Il Grande Rimescolamento comporterà severe rinunce e straordinaria forza di adattamento. Il Medioevo Prossimo Venturo, preconizzato nel suo omonimo saggio, nel lontano 1970, dal matematico italiano Roberto Vacca, è alle porte e in troppi ancora non lo sanno. Prima dello scoccar dell’imminente fatale mezzanotte, bene faremo a ungere gli arrugginiti mozzi dei vecchi carri dalle lignee ruote e con le lame, ad aggiustare i sarchi ed i forconi, a battere le falci, ad imbiancar con calce le dismesse stalle, a toglier dalla polvere i rastrelli. Avanti che cada, se cadrà, la prima neve vera, pure sarà opportuno erpicare gli ancora nudi campi e dissodare i prati da mettere a coltura. Per non trovarci poi spaesati all’ultimo minuto, di lavori da fare ce n’è ed i più accorti già stanno provvedendo.
Nel suo per quanto piccolo, la locale benemerita associazione cultural-colturale Mi.Sa.Po., consapevole del disagio nel quale in molti si potrebbero ritrovare a primavera, fa sapere che a breve avvierà nuovamente dei corsi teorici serali gratuiti di tecnica agricola per i più digiuni in materia. Per la pratica tutto è rimandato alla stagione nuova. Insomma, c’è fermento e, nonostante un’apparente e ingannevole inerzia, la parte meno passiva e più vitale della collettività, perlomeno psicologicamente si sta preparando.
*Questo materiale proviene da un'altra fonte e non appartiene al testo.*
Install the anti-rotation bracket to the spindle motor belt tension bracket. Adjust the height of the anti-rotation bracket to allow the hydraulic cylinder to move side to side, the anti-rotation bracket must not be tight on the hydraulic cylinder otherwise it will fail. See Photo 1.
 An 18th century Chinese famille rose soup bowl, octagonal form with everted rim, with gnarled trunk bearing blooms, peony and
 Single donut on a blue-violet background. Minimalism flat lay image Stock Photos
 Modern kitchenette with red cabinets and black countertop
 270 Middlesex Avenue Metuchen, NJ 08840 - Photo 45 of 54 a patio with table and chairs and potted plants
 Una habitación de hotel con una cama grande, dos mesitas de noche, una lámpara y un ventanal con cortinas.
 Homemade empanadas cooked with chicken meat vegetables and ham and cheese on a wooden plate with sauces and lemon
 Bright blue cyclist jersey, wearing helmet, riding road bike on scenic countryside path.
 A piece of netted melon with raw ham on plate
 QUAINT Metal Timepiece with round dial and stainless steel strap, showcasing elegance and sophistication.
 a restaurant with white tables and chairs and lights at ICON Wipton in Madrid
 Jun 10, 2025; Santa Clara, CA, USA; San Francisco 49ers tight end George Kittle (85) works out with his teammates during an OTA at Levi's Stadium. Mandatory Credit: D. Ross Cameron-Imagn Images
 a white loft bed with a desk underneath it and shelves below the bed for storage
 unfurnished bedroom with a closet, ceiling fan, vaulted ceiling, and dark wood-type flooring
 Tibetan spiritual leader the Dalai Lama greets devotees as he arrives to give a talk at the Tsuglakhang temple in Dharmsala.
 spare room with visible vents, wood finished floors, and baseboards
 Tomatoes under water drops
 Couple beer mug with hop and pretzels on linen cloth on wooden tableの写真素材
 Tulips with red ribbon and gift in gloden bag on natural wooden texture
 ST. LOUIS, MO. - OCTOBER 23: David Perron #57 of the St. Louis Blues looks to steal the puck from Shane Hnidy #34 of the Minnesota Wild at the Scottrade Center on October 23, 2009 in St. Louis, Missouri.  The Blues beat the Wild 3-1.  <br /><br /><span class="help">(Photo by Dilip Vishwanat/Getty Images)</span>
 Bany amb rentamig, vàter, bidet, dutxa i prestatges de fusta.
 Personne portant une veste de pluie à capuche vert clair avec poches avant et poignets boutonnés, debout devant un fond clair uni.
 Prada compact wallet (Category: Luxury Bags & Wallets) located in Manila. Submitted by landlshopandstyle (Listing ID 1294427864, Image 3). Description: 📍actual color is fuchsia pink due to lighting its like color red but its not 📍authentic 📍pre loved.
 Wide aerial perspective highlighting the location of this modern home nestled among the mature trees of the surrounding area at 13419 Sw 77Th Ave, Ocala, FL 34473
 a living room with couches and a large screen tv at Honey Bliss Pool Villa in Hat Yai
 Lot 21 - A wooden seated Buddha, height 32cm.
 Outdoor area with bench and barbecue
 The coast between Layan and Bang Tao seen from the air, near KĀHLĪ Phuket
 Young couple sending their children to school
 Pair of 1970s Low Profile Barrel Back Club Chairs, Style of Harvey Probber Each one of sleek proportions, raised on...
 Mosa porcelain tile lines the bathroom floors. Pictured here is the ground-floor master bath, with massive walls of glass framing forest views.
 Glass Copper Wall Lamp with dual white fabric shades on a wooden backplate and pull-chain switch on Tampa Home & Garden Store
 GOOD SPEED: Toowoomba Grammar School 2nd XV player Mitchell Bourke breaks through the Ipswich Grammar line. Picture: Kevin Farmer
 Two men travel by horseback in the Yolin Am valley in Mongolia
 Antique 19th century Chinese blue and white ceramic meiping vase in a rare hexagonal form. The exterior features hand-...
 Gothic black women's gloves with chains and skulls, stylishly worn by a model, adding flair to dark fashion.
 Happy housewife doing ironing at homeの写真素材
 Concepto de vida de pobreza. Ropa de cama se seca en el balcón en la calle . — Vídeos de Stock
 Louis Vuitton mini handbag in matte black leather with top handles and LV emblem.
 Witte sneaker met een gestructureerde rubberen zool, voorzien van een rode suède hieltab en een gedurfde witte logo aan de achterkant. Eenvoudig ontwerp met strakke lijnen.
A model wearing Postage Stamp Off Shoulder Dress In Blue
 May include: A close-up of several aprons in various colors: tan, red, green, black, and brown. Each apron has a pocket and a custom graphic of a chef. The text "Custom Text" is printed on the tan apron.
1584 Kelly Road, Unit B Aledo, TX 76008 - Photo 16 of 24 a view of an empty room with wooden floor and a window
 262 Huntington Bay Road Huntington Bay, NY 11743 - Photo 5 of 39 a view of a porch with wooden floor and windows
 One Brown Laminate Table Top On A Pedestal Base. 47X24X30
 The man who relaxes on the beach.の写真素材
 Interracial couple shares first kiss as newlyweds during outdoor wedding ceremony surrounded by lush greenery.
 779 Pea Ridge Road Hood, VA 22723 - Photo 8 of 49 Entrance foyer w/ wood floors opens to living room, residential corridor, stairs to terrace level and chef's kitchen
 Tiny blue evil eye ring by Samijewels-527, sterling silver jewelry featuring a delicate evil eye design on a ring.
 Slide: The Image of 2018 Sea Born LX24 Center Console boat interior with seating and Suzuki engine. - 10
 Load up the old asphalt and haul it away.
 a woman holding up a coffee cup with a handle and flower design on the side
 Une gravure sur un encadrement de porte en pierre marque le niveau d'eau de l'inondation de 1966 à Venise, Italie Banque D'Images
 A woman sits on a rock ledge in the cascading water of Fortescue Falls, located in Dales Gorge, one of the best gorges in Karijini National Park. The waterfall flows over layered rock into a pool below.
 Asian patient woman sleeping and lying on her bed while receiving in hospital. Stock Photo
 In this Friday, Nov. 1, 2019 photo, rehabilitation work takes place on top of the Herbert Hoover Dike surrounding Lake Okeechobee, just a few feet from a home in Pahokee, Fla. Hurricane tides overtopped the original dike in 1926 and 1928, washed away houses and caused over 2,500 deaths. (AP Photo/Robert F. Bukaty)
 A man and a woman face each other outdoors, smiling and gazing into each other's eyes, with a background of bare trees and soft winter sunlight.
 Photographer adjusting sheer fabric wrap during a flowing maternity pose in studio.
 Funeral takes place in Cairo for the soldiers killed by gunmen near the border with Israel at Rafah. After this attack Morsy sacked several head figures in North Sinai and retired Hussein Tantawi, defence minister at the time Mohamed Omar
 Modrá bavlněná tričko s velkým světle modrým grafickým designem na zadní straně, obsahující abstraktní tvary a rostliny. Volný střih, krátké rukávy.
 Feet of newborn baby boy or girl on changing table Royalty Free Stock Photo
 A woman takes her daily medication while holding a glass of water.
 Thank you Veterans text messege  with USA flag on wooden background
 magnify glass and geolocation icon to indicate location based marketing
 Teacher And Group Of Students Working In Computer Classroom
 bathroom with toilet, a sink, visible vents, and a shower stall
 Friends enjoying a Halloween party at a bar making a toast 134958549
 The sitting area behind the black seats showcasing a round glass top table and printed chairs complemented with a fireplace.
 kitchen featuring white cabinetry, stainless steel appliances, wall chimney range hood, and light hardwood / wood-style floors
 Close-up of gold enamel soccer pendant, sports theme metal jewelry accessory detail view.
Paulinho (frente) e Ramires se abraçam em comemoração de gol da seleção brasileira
Certo, il prossimo futuro sarà molto diverso dalla realtà del nostro attuale quotidiano. Era impensabile sino a pochi mesi or sono immaginare un così ratto mutamento. Tutto pareva dover durare all’infinito. Di poter continuare ad allargarsi, a sperperare, a pretendere, a ‘crescere’; noi montanari senza più saggezza lasciar che la campagna, per quanto magra e dura, andasse alla malora rievocandola incoerentemente, tanto per far baldoria ed esorcizzarne il ritorno. E di essa invece, sottratta al suo primario destino, far case, strade e specularci sopra. Sciupare il territorio, trasformarlo, per divertire i ‘siori’, che il loro da tempo hanno sciupato, ed avvitarsi così in una spirale senza fine e senza alternativa. Ma la fisica, con le sue leggi esatte e non fasulle ha rivelato l’imbroglio: la strada di quell’impossibile avvenire s’è interrotta irrimediabilmente ed il sistema del ‘sempre di più’ ha i giorni contati! La ‘crescita’, che a Roma il Professore s’accanisce a evocare, se non già subito, presto sarà chimera. E per vivere, non per sopravvivere!, volenti o nolenti torneremo alla moderazione, alla diminuzione, alla terra, al silenzio.